* **Work instruction**: Strip out the pictures and output each remaining line of the data word for word.

Web page caption snippets
#####

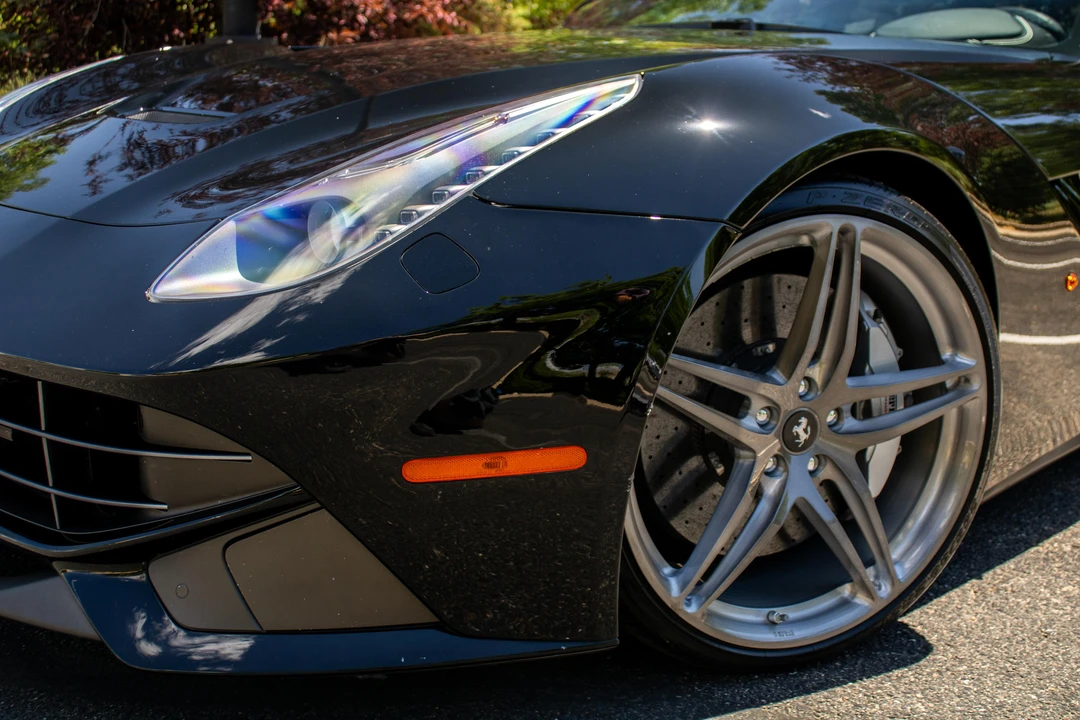 2015 Ferrari F12berlinetta - Image 28 of 31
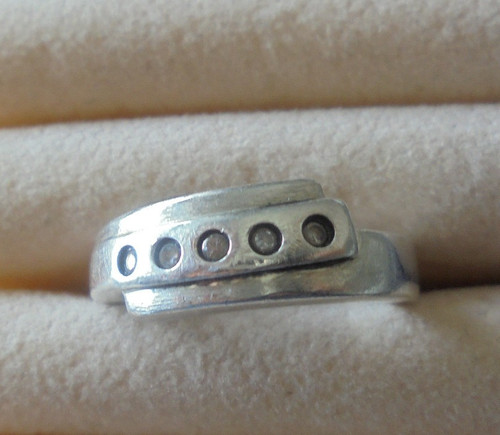 Cooler ring schmuck - cooler, 825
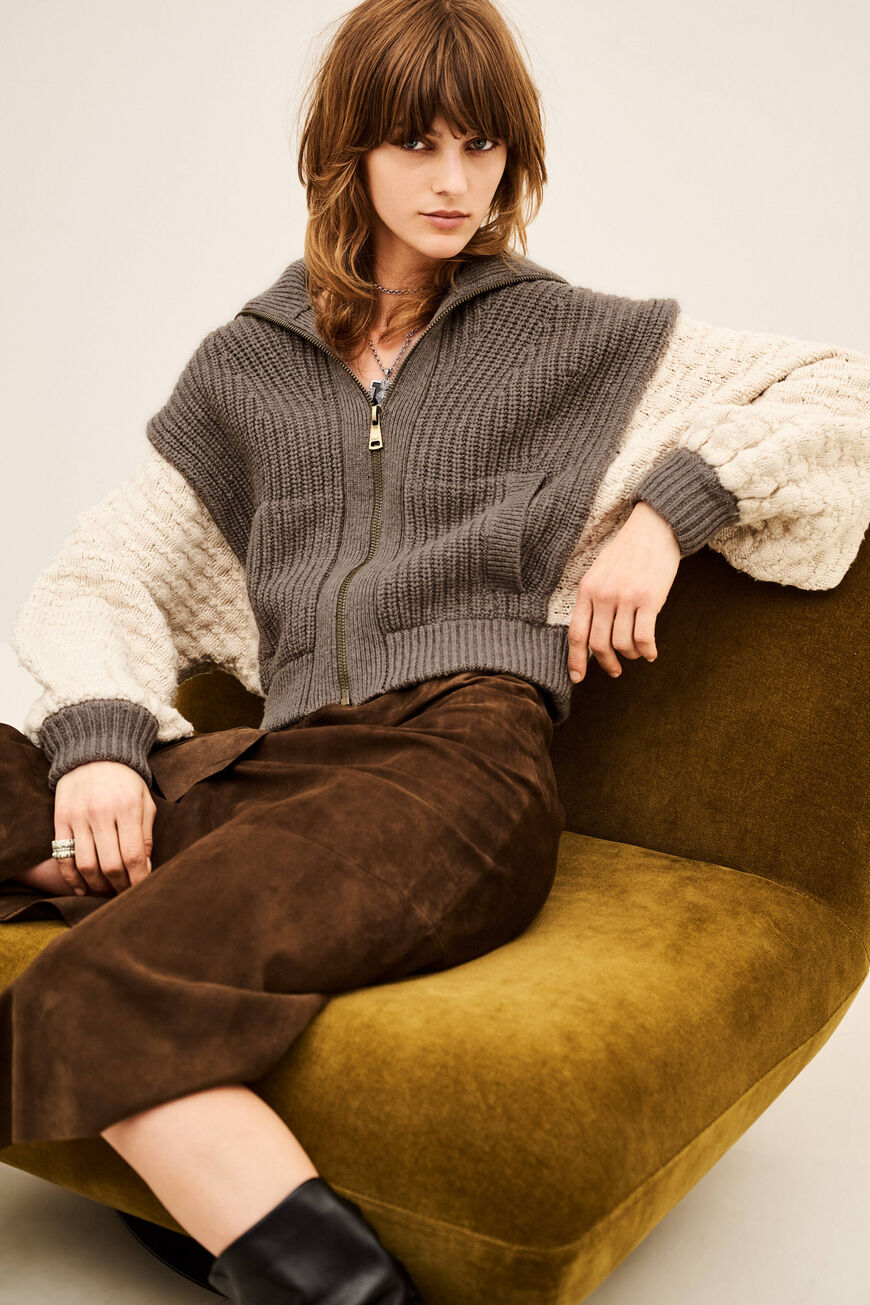 cardigan ESSEN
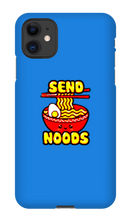 Send Noods 📱 iPhone Phone Case 📱
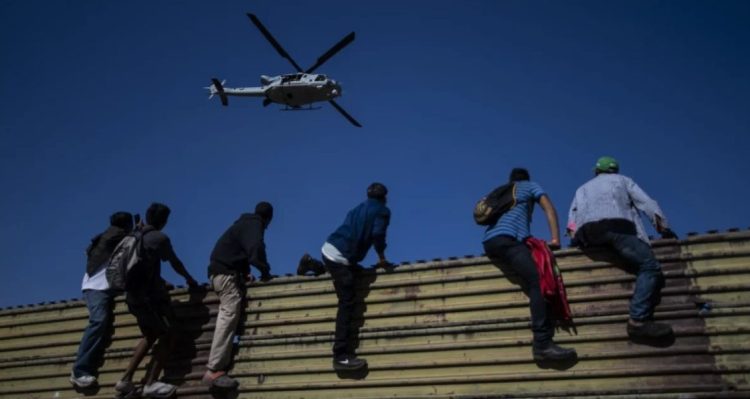 USMC Colonel (Ret) Eric Buer: A Humanitarian and Security Crisis at The US Border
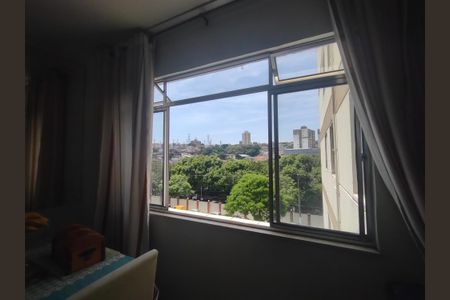 Vista da Sala de apartamento à venda com 3 quartos, 70m² em Jardim Iris, São Paulo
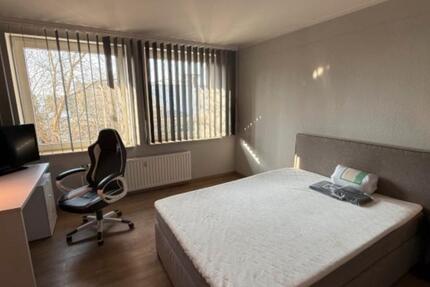 WG Zimmer, Wolfsbourg 1 zimmer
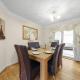 Spacious Home in Bolton Upon Dearne Contractors Families Up to 5 Guests! - Zdjęcie 6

#####

* **Task response**:
 2015 Ferrari F12berlinetta - Image 28 of 31
 Cooler ring schmuck - cooler, 825
 cardigan ESSEN
 Send Noods 📱 iPhone Phone Case 📱
 USMC Colonel (Ret) Eric Buer: A Humanitarian and Security Crisis at The US Border
 Vista da Sala de apartamento à venda com 3 quartos, 70m² em Jardim Iris, São Paulo
 WG Zimmer, Wolfsbourg 1 zimmer
 Spacious Home in Bolton Upon Dearne Contractors Families Up to 5 Guests! - Zdjęcie 6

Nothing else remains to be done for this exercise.